Os produtos indigestos, desta fase de produção cultural estéril que tomava conta da cidade, vinham de todos os lados para reunirem-se não só nos bairros, mas no bar do Socó, em frente à UFES. Lá se juntava a moçada de Vitória, Vila Velha, Cariacica e Serra. O movimento punk com a máxima do “faça você mesmo” vai tomando e criando suas próprias publicações (fanzines), seus próprios selos, bandas e seu modo de repensar a vida.
A Praça Costa Pereira recebe, em dezembro de 1986, músicos que participam de um “Alto Natalino” promovido pelo projeto Cidade Utópica. Tocam as bandas de punk Detrito Federal (DF) e Necrófago (ES).
Em 1987, no primeiro FEST UFES de música, enquanto a cidade dormia, o Corja, o Ferida, o Discórdia e o Guerrilha (hoje Zoopatia) mantinham acordados todos os que percebiam a crescente domesticação e apatia produzida pelo famigerado sistema politico-cultural reinante na cidade e no Estado.

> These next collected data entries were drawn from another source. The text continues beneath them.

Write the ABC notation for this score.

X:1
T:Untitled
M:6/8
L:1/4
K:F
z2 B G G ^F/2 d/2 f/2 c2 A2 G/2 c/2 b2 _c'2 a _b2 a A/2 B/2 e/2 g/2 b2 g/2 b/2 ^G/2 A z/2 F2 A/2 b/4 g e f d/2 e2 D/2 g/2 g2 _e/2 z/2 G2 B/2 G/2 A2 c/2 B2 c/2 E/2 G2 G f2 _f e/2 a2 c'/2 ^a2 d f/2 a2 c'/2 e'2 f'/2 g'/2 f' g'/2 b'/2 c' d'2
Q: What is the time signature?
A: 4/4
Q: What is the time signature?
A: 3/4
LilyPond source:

No bairro São Pedro I, em 88, apresentam-se as bandas Ferida Exposta e ONP (que antes era Guerrilha e agora é Zoopatia) em apoio ao Projeto Escola de Formação de Mão-de-Obra destinado a operários da construção civil. Projeto que teve como objetivo instrumentalizar os moradores para que estes construíssem suas casas e realizassem coletivamente o processo de urbanização de seu bairro, na época, um dos mais carentes do estado. Nessa mesma época, ocorre o Festival “Ode aos Canalhas”, realizado no Centro Cultural Carmélia Maria de Souza, e também se organizam, neste período, vários grupos libertários como os Anarcopunks, os Punks do Subúrbio e os Punks do Motim.
Mídias e modos independentes – as organizações libertárias
O final dos anos oitenta marcam o surgimento da mais nova célula do anarquismo no Espírito Santo. Deixando para trás o então desconhecido movimento dos anarco-sidicalistas do Sul do Estado. Este novo vulcão de revolta vinha como febre, rompendo barreiras e cruzando fronteiras. Este movimento que trouxe de volta a contestação, rebeldia e revolta às ruas: este era e ainda é uma das mais novas células do anarquismo atual, o Movimento Anarcopunk.

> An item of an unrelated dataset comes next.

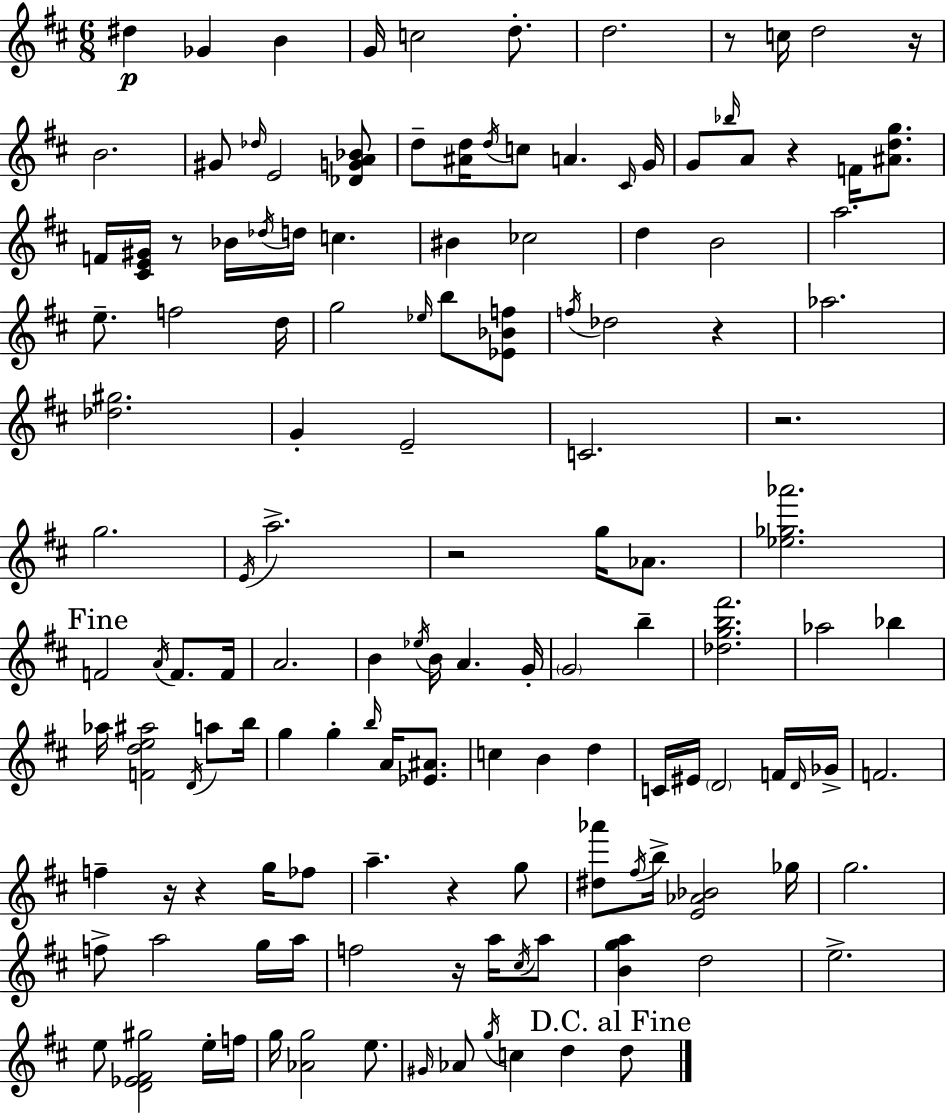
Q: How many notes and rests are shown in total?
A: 138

Foi também nos anos 90 que o anarquismo capixaba começa o intercâmbio com outros estados. O movimento “Outros 500” só foi possível devido aos vários contatos que já vinha sendo estabelecido através de Encontros e Congressos nacionais, onde anarcos capixabas estavam presentes, tais como: Congressos da UNE, Encontro Anarco-Libertário (Belo Horizonte, 1990 e 1993), Vira-que-eu-vi 2000 (Encontro Latino-Americano de Teatro, Nova Venécia – ES, 1995), Encontro Americano pela Humanidade e Contra o Neoliberalismo (Belém, 1999), Encontro Internacional de Cultura-Libertária (Desderro – SC, 2000), Várias Manifestações em Brasília, Encontros Alternativo Nacional e Internacional de Esperanto, para citar alguns exemplos.
A partir de indivíduos dentro do Movimento Punk que procuravam uma ideologia mais afinada com as realidades sociais, estavam cansados de apenas ouvirem “músicas de protesto” e se envolverem em confusões, surgiu o MAP Vitória, cuja característica foi adotar o anarquismo como proposta de organização social. Antes do MAP houve um período desses cânceres que permearam o movimento Punk em todo o Brasil: gangues, brigas de rua, confusões, etc. Hoje, praticamente, extinta estas práticas.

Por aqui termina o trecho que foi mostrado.